**Problem to solve**
Transcribe the data in full; each line must match exactly.

[Items listed in a dataset]
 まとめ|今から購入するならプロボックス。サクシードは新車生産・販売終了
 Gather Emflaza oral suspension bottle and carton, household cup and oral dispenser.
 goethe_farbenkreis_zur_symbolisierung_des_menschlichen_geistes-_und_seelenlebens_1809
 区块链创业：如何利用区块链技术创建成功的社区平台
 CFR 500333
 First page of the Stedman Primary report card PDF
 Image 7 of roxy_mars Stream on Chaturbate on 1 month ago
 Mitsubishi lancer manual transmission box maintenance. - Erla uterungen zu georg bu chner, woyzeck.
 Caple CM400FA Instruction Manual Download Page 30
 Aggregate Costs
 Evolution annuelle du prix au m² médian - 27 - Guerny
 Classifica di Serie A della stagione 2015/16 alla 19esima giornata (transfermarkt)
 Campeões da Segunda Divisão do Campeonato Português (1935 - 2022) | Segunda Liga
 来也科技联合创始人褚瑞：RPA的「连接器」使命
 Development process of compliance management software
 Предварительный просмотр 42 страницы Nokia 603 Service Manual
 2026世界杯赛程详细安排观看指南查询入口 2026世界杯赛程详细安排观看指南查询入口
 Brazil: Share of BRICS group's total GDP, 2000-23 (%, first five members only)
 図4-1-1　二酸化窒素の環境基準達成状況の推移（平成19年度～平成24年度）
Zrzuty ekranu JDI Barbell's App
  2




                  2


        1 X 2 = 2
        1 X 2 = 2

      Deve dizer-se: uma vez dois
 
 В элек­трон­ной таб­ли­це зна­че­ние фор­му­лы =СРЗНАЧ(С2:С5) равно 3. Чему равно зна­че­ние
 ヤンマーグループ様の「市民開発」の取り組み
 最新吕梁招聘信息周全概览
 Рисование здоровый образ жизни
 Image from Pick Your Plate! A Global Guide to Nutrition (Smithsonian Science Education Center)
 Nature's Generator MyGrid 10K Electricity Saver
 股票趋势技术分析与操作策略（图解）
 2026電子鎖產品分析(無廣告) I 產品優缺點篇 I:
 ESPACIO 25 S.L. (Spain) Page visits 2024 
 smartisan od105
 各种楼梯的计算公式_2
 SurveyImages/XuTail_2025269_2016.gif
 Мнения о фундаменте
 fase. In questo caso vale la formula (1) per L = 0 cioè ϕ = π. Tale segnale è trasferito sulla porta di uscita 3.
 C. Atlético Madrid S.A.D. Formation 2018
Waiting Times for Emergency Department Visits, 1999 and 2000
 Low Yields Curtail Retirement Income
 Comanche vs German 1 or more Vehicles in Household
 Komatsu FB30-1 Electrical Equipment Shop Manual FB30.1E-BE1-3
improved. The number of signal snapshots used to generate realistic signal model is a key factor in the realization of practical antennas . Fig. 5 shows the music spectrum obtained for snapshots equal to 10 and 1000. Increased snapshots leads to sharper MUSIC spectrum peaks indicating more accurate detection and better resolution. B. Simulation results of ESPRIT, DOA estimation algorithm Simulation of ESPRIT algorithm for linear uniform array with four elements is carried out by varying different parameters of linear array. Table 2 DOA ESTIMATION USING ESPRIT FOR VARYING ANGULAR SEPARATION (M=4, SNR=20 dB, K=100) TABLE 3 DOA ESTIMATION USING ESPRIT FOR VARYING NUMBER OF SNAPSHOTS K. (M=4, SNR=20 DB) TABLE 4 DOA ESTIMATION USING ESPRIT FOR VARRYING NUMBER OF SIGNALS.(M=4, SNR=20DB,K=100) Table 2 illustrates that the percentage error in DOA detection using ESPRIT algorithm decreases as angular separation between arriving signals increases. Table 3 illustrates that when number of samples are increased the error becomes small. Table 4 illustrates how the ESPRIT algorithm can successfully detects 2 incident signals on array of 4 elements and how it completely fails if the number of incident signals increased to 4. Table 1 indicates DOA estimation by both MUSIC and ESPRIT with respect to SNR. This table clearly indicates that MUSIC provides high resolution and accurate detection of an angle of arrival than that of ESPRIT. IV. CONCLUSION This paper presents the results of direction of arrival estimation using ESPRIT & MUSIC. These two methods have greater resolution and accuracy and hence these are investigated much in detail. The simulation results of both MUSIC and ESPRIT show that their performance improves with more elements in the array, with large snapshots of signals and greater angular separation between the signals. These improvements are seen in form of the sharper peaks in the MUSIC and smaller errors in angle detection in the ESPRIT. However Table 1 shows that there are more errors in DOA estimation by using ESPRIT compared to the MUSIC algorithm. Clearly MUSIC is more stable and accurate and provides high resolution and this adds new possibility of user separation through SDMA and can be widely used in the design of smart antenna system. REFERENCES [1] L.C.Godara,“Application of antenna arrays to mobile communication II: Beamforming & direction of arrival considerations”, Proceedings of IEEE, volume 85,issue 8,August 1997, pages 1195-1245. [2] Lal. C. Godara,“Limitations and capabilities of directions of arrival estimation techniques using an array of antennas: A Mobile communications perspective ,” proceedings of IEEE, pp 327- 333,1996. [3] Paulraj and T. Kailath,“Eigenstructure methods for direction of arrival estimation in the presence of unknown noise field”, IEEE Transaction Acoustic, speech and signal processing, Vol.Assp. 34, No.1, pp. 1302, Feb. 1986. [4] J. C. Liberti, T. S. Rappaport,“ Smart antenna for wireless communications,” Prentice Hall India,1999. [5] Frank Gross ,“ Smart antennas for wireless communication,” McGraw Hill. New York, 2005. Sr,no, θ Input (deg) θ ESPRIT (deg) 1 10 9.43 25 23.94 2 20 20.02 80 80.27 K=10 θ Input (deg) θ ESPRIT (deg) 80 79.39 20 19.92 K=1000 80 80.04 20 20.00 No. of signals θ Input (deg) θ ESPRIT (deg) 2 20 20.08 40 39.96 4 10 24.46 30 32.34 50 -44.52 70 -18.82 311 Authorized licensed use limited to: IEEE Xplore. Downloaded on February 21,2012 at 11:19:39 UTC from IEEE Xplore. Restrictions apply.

**Your solution**
 まとめ|今から購入するならプロボックス。サクシードは新車生産・販売終了
 Gather Emflaza oral suspension bottle and carton, household cup and oral dispenser.
 goethe_farbenkreis_zur_symbolisierung_des_menschlichen_geistes-_und_seelenlebens_1809
 区块链创业：如何利用区块链技术创建成功的社区平台
 CFR 500333
 First page of the Stedman Primary report card PDF
 Image 7 of roxy_mars Stream on Chaturbate on 1 month ago
 Mitsubishi lancer manual transmission box maintenance. - Erla uterungen zu georg bu chner, woyzeck.
 Caple CM400FA Instruction Manual Download Page 30
 Aggregate Costs
 Evolution annuelle du prix au m² médian - 27 - Guerny
 Classifica di Serie A della stagione 2015/16 alla 19esima giornata (transfermarkt)
 Campeões da Segunda Divisão do Campeonato Português (1935 - 2022) | Segunda Liga
 来也科技联合创始人褚瑞：RPA的「连接器」使命
 Development process of compliance management software
 Предварительный просмотр 42 страницы Nokia 603 Service Manual
 2026世界杯赛程详细安排观看指南查询入口 2026世界杯赛程详细安排观看指南查询入口
 Brazil: Share of BRICS group's total GDP, 2000-23 (%, first five members only)
 図4-1-1　二酸化窒素の環境基準達成状況の推移（平成19年度～平成24年度）
Zrzuty ekranu JDI Barbell's App
  2




                  2


        1 X 2 = 2
        1 X 2 = 2

      Deve dizer-se: uma vez dois
 
 В элек­трон­ной таб­ли­це зна­че­ние фор­му­лы =СРЗНАЧ(С2:С5) равно 3. Чему равно зна­че­ние
 ヤンマーグループ様の「市民開発」の取り組み
 最新吕梁招聘信息周全概览
 Рисование здоровый образ жизни
 Image from Pick Your Plate! A Global Guide to Nutrition (Smithsonian Science Education Center)
 Nature's Generator MyGrid 10K Electricity Saver
 股票趋势技术分析与操作策略（图解）
 2026電子鎖產品分析(無廣告) I 產品優缺點篇 I:
 ESPACIO 25 S.L. (Spain) Page visits 2024 
 smartisan od105
 各种楼梯的计算公式_2
 SurveyImages/XuTail_2025269_2016.gif
 Мнения о фундаменте
 fase. In questo caso vale la formula (1) per L = 0 cioè ϕ = π. Tale segnale è trasferito sulla porta di uscita 3.
 C. Atlético Madrid S.A.D. Formation 2018
Waiting Times for Emergency Department Visits, 1999 and 2000
 Low Yields Curtail Retirement Income
 Comanche vs German 1 or more Vehicles in Household
 Komatsu FB30-1 Electrical Equipment Shop Manual FB30.1E-BE1-3
improved. The number of signal snapshots used to generate realistic signal model is a key factor in the realization of practical antennas . Fig. 5 shows the music spectrum obtained for snapshots equal to 10 and 1000. Increased snapshots leads to sharper MUSIC spectrum peaks indicating more accurate detection and better resolution. B. Simulation results of ESPRIT, DOA estimation algorithm Simulation of ESPRIT algorithm for linear uniform array with four elements is carried out by varying different parameters of linear array. Table 2 DOA ESTIMATION USING ESPRIT FOR VARYING ANGULAR SEPARATION (M=4, SNR=20 dB, K=100) TABLE 3 DOA ESTIMATION USING ESPRIT FOR VARYING NUMBER OF SNAPSHOTS K. (M=4, SNR=20 DB) TABLE 4 DOA ESTIMATION USING ESPRIT FOR VARRYING NUMBER OF SIGNALS.(M=4, SNR=20DB,K=100) Table 2 illustrates that the percentage error in DOA detection using ESPRIT algorithm decreases as angular separation between arriving signals increases. Table 3 illustrates that when number of samples are increased the error becomes small. Table 4 illustrates how the ESPRIT algorithm can successfully detects 2 incident signals on array of 4 elements and how it completely fails if the number of incident signals increased to 4. Table 1 indicates DOA estimation by both MUSIC and ESPRIT with respect to SNR. This table clearly indicates that MUSIC provides high resolution and accurate detection of an angle of arrival than that of ESPRIT. IV. CONCLUSION This paper presents the results of direction of arrival estimation using ESPRIT & MUSIC. These two methods have greater resolution and accuracy and hence these are investigated much in detail. The simulation results of both MUSIC and ESPRIT show that their performance improves with more elements in the array, with large snapshots of signals and greater angular separation between the signals. These improvements are seen in form of the sharper peaks in the MUSIC and smaller errors in angle detection in the ESPRIT. However Table 1 shows that there are more errors in DOA estimation by using ESPRIT compared to the MUSIC algorithm. Clearly MUSIC is more stable and accurate and provides high resolution and this adds new possibility of user separation through SDMA and can be widely used in the design of smart antenna system. REFERENCES [1] L.C.Godara,“Application of antenna arrays to mobile communication II: Beamforming & direction of arrival considerations”, Proceedings of IEEE, volume 85,issue 8,August 1997, pages 1195-1245. [2] Lal. C. Godara,“Limitations and capabilities of directions of arrival estimation techniques using an array of antennas: A Mobile communications perspective ,” proceedings of IEEE, pp 327- 333,1996. [3] Paulraj and T. Kailath,“Eigenstructure methods for direction of arrival estimation in the presence of unknown noise field”, IEEE Transaction Acoustic, speech and signal processing, Vol.Assp. 34, No.1, pp. 1302, Feb. 1986. [4] J. C. Liberti, T. S. Rappaport,“ Smart antenna for wireless communications,” Prentice Hall India,1999. [5] Frank Gross ,“ Smart antennas for wireless communication,” McGraw Hill. New York, 2005. Sr,no, θ Input (deg) θ ESPRIT (deg) 1 10 9.43 25 23.94 2 20 20.02 80 80.27 K=10 θ Input (deg) θ ESPRIT (deg) 80 79.39 20 19.92 K=1000 80 80.04 20 20.00 No. of signals θ Input (deg) θ ESPRIT (deg) 2 20 20.08 40 39.96 4 10 24.46 30 32.34 50 -44.52 70 -18.82 311 Authorized licensed use limited to: IEEE Xplore. Downloaded on February 21,2012 at 11:19:39 UTC from IEEE Xplore. Restrictions apply.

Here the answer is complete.